Nel definire il quadro storico della rivolta di Budicca, Simon Scarrow fa presente che non poteva arrivare in un momento peggiore per i romani. La resistenza delle tribù celtiche durava da oltre diciassette anni e l’arroganza di certi amministratori, l’oltraggio alla regina e alle figlie, in aggiunta a un cattivo raccolto, portarono gli oppressi a insorgere, sfruttando la dispersione delle forze romane in Britannia.
Il governatore si trovava col grosso delle forze nella lontana isola di Mona (Anglesey), a eliminare gli ultimi druidi e seguaci.
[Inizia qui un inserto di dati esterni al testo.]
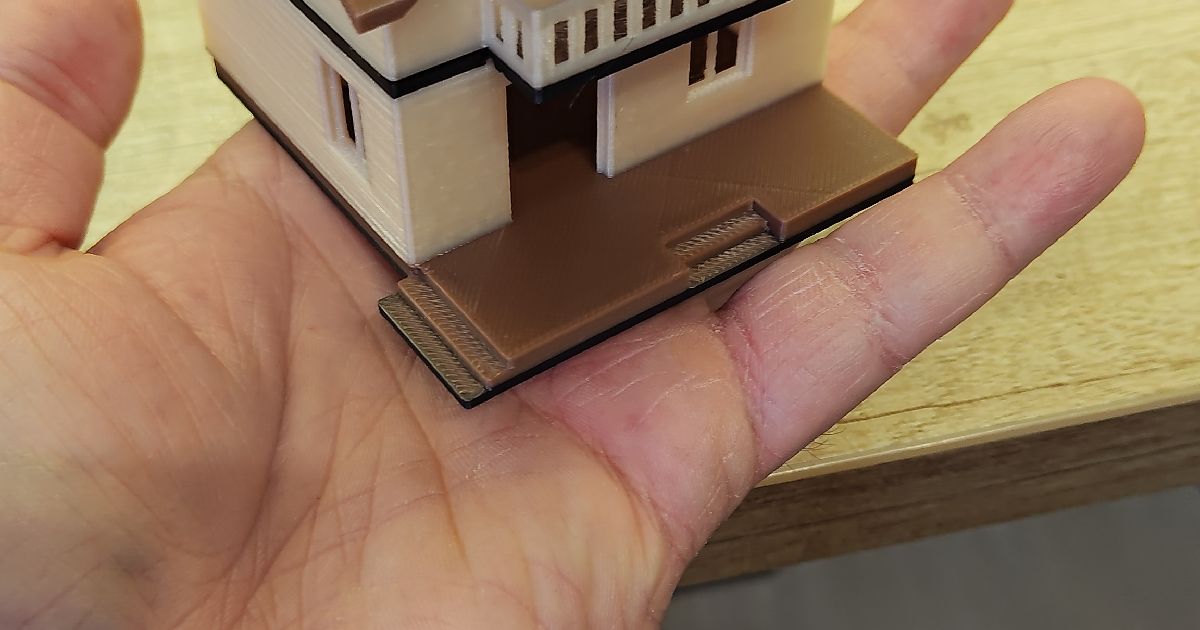 2 Storey House Erwin by Catalin Rada | Download free STL model ...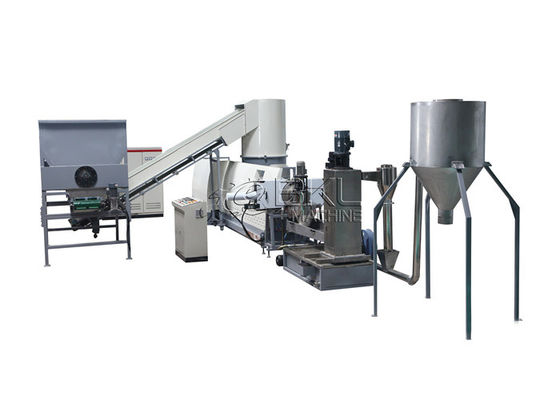 PE Shopping Bag Plastic Granulating Line BOPP Plastic Film Recycling Machine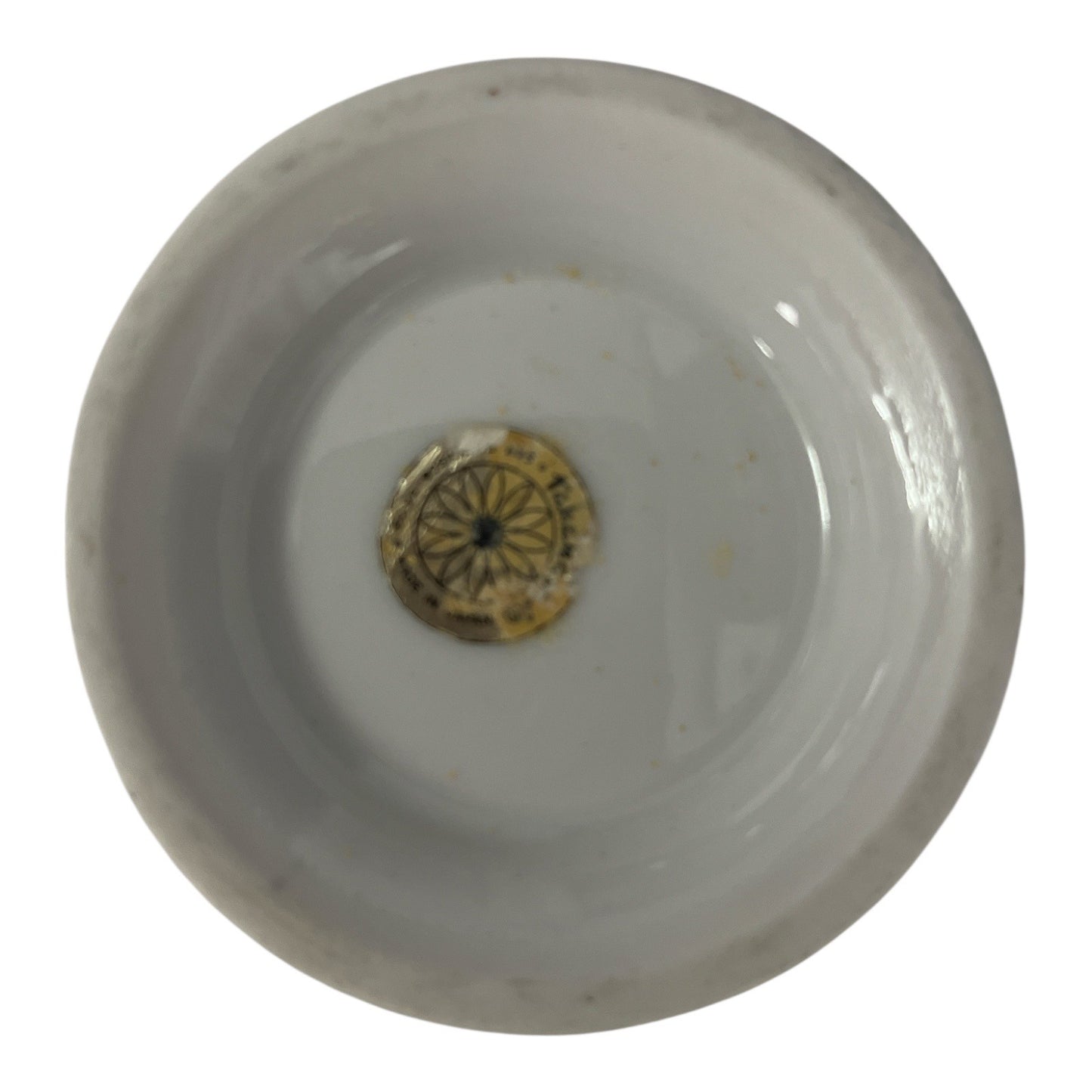 Vintage Takara Japan Porcelain Vase – Bird & Red Floral Design, Scalloped Rim, Gold Trim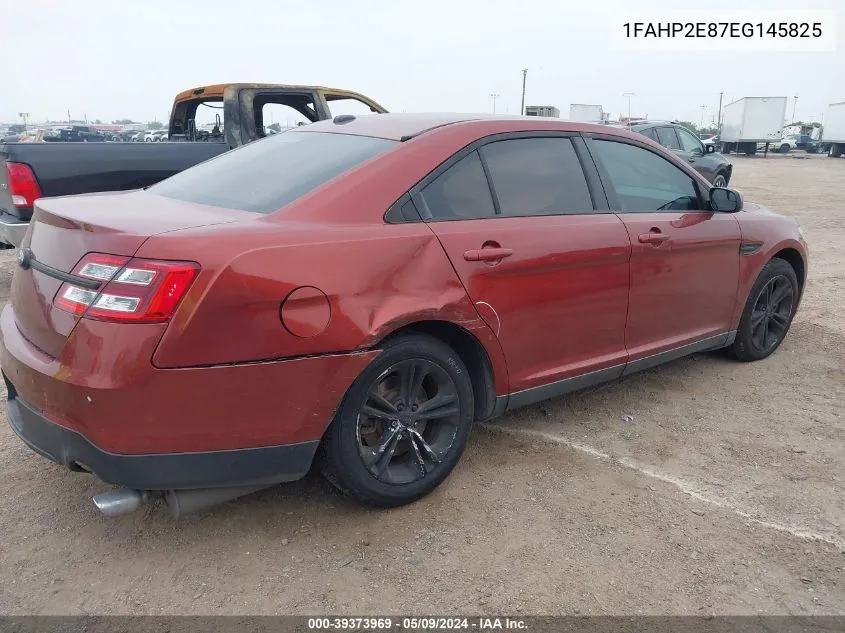 2014 Ford Taurus Sel VIN: 1FAHP2E87EG145825 Lot: 39373969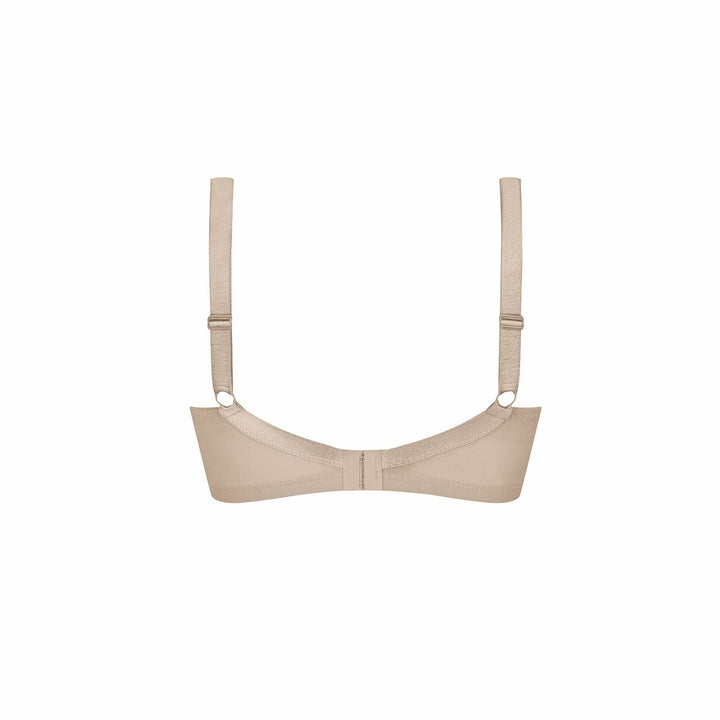 Amoena Nancy Wirefree Front Fastening Pocketed Mastectomy Bra - Light Sand 44739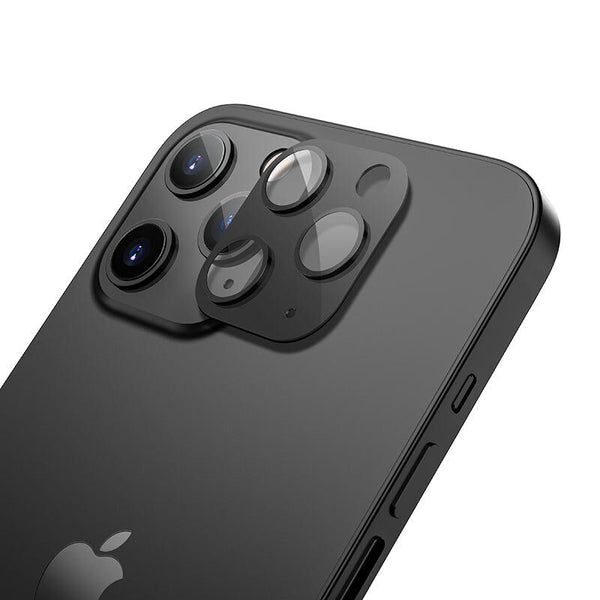 Protector Camara Metálico iPhone 12 Pro Max Negro Hoco A18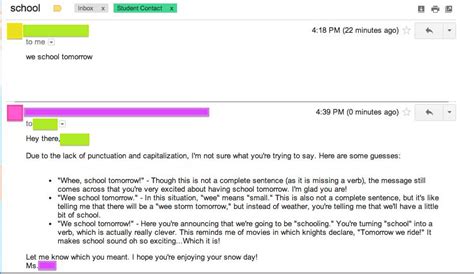 See full list on wikihow.com Student Sends An Error-Filled Email. Here's The Teacher's ...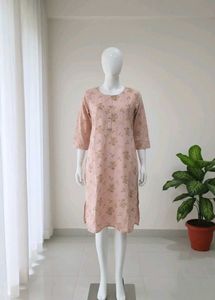 Floral Print Kurta(L)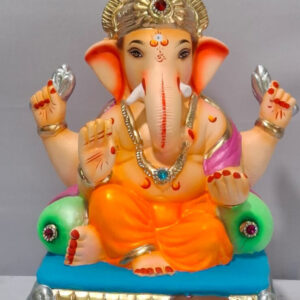 Ganesh with Double Load - Orange (B1-7)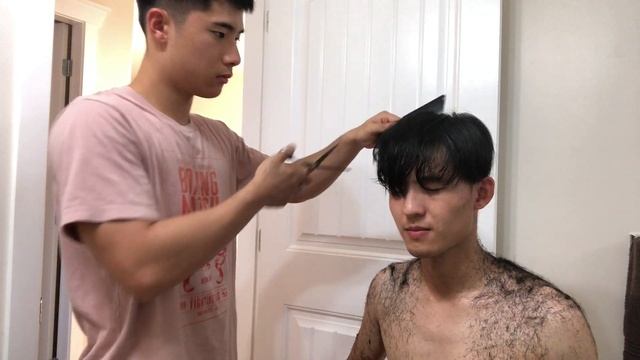 How To Get An Asian Slick Back Hairstyle | Men's Hair Tutorial смотреть онлайн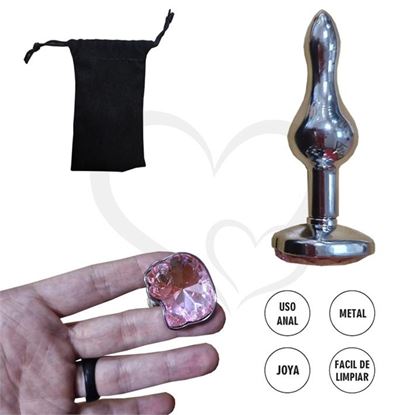 Plug anal con joya de hello kitty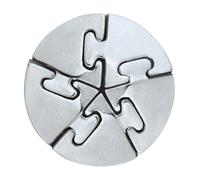 BePuzzled Spiral Hanayama Metal Brainteaser Puzzle Mensa Rated Level 5, for Ag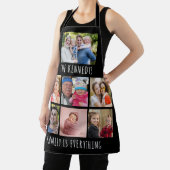 Tablier Custom 7 Photo Collage Family Name Quote Black (Insitu)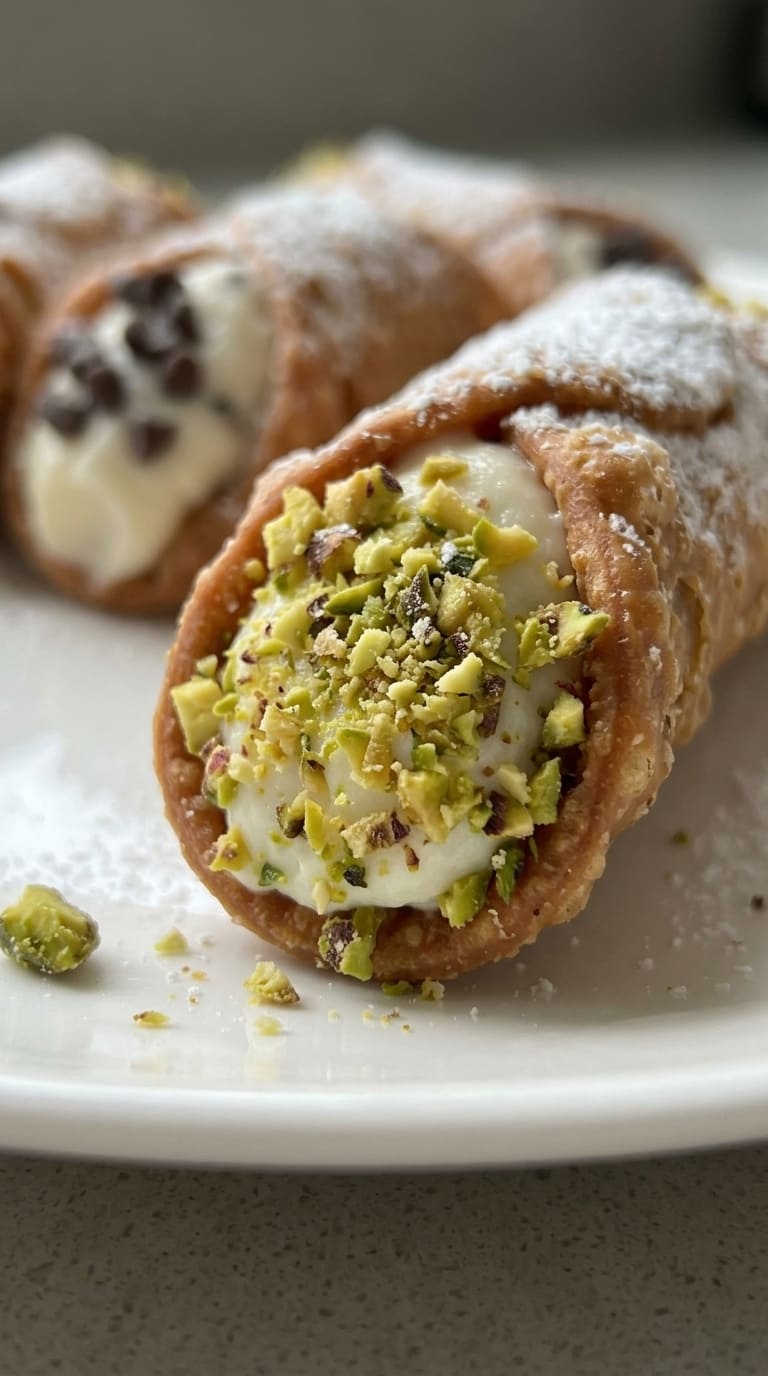 Classic Italian Cannoli with Creamy Ricotta Filling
La IX Legione era a Lindum (Lincoln), ridotta a sei da dieci coorti, per rafforzare l’esercito di Svetonio. Nel sudovest, la II Legione di Isca Dumnoniorum (Exeter), in assenza del proprio legato, era sotto il comando di un prefetto di campo, che fallì disastrosamente. Peraltro, non era intervenuta a frenare sul nascere la ribellione, restando a guardare dalle mura della propria fortezza. La IX, al contrario, marciò in aiuto dei veterani della colonia militare di Camulodunum (Colchester), facendosi però sorprendere lungo il percorso. Solo il legato e la scorta a cavallo riuscirono a riparare in un forte. Cosa sarà stato di Macrone?
C’è una vera corsa verso Londinium. Il generale e Catone dubitano di arrivare prima dei rivoltosi, che hanno il vantaggio del numero, della conoscenza dei luoghi, della collaborazione tra le tribù ribelli. Messi tutti insieme, contano numeri ingentissimi. Al confronto, i romani sono in netta inferiorità, per quanto il loro addestramento e l’attitudine alle battaglie campali organizzate possa ridurre in parte il divario.
Se Budicca dovesse scegliere la guerriglia, eroderebbe le forze legionarie inesorabilmente. Svetonio Paolino ritiene di avere un’unica possibilità: affrontare i ribelli in campo aperto e contare sull’esperienza dei legionari, alcune file compatte contro oltre centomila avversari, sembra. Da far tremare le vene e i polsi.